■ **Task brief**
All records that follow are to be copied exactly, with images omitted.

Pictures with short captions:
# # # # #

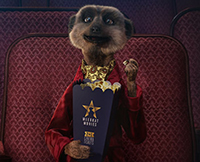 Aleksandr meerkats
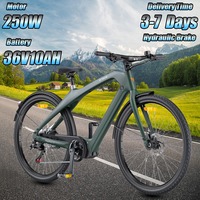 ENGWE N1pro Electric Bicycle 250W Motor 36V10AH Removable Battery Hydraulic Brake Electric Bike GPS Tracking Aldult City E-bike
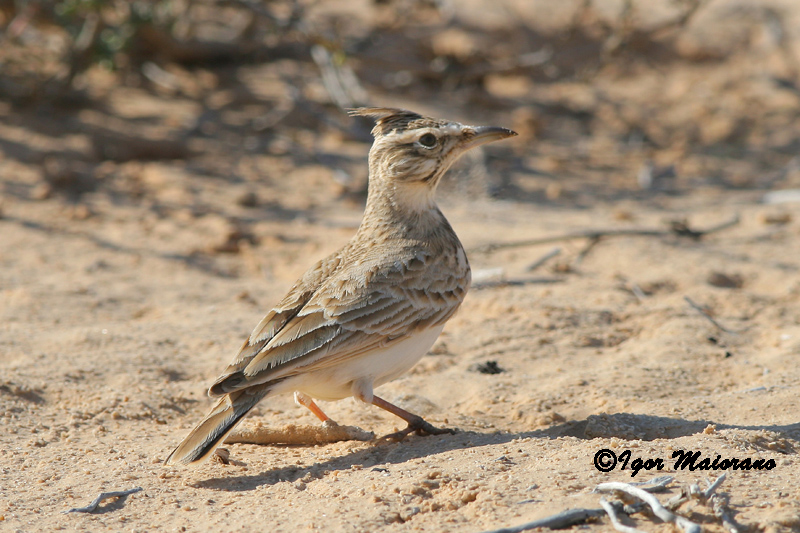 Cappellaccia beccolungo (Galerida macrorhyncha - Maghreb Lark)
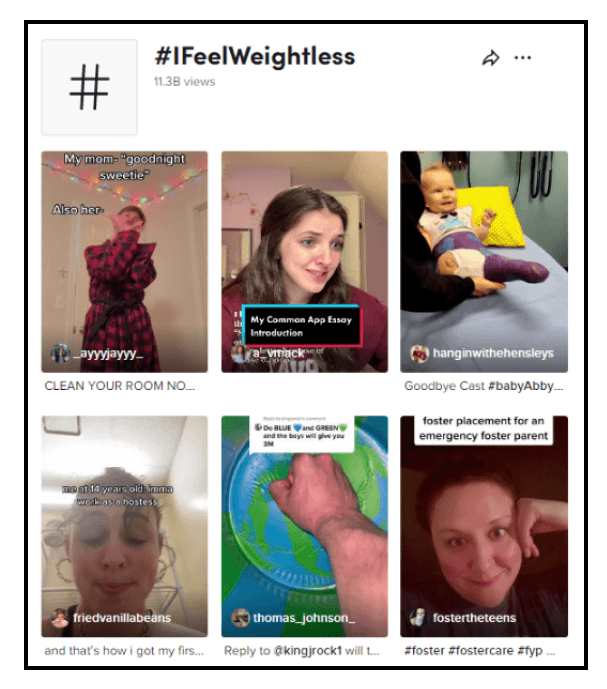 Leverage different types of TikTok Ecommerce Ads - Sponsored Hashtag Challenge
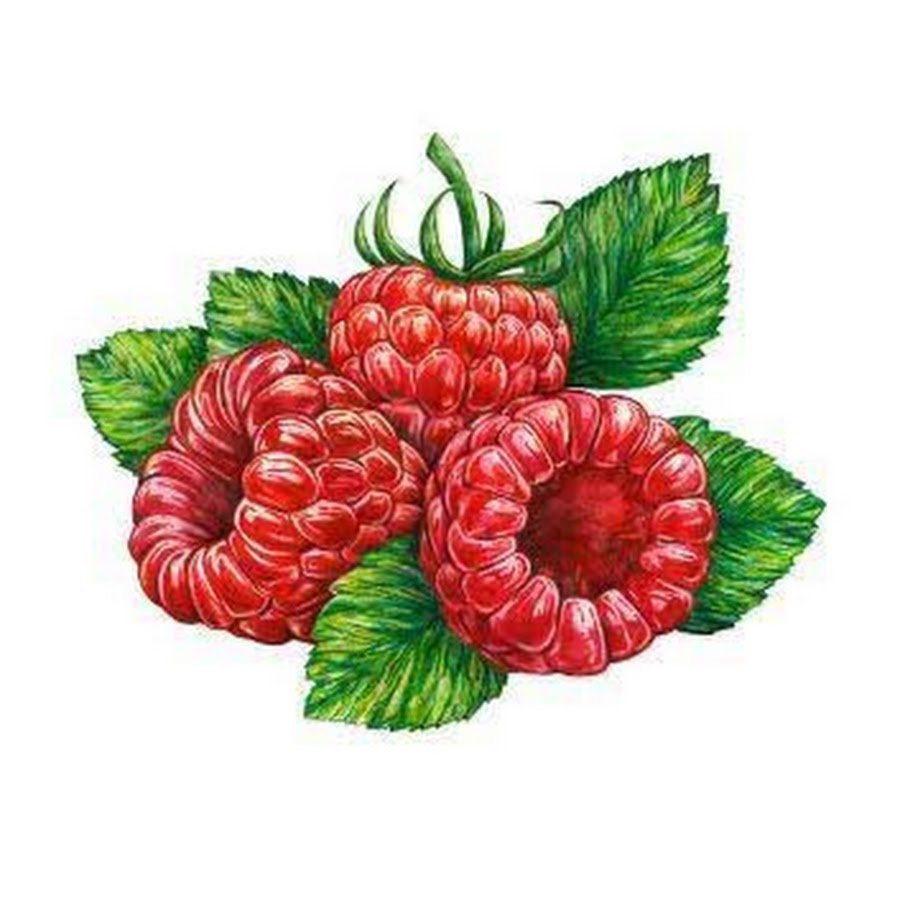 Малина акварель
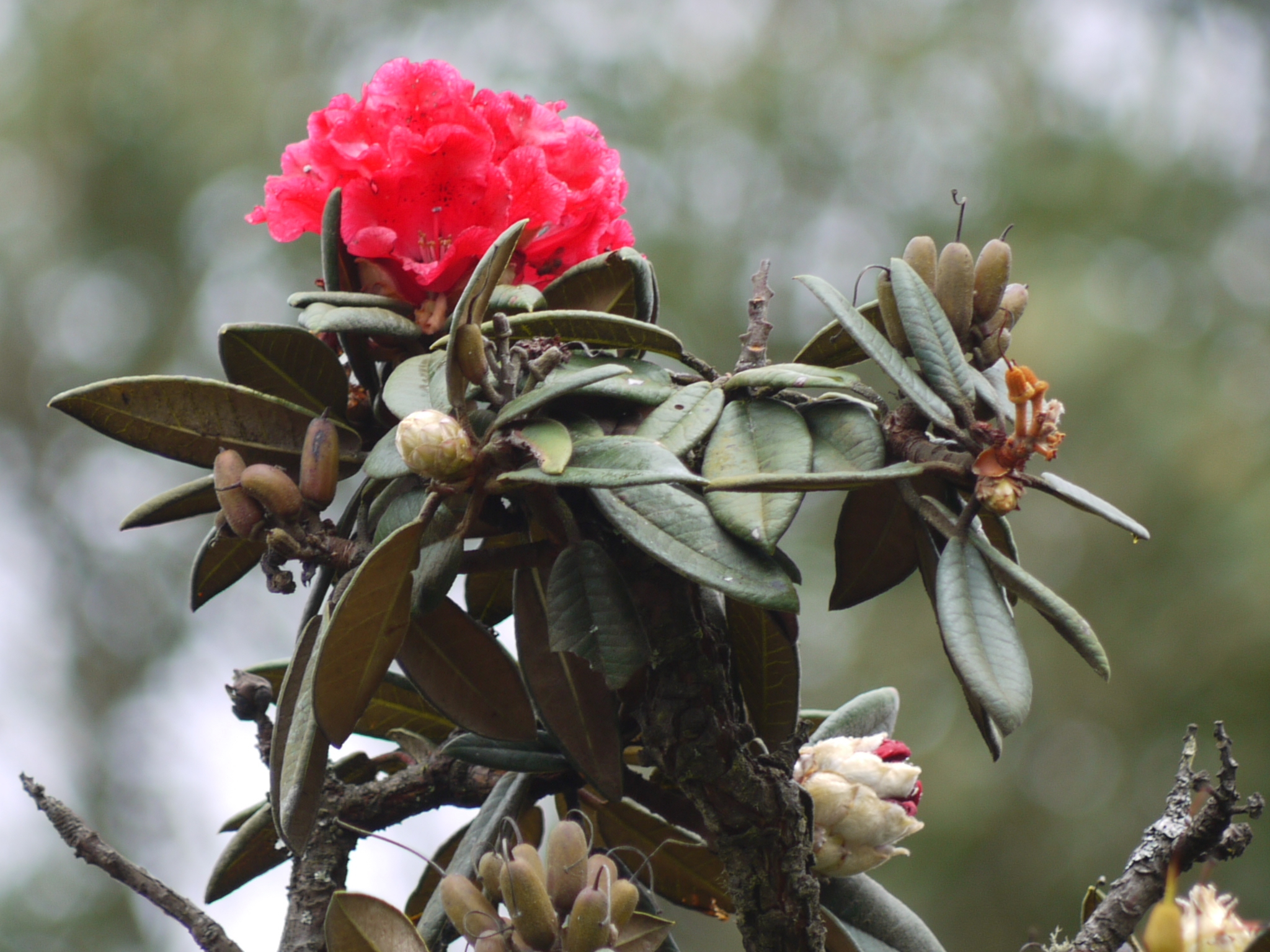 Rhododendron arboreum subsp. nilagiricum (Zenker) Tagg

# # # # #

■ **Task solution**
 Aleksandr meerkats
 ENGWE N1pro Electric Bicycle 250W Motor 36V10AH Removable Battery Hydraulic Brake Electric Bike GPS Tracking Aldult City E-bike
 Cappellaccia beccolungo (Galerida macrorhyncha - Maghreb Lark)
 Leverage different types of TikTok Ecommerce Ads - Sponsored Hashtag Challenge
 Малина акварель
 Rhododendron arboreum subsp. nilagiricum (Zenker) Tagg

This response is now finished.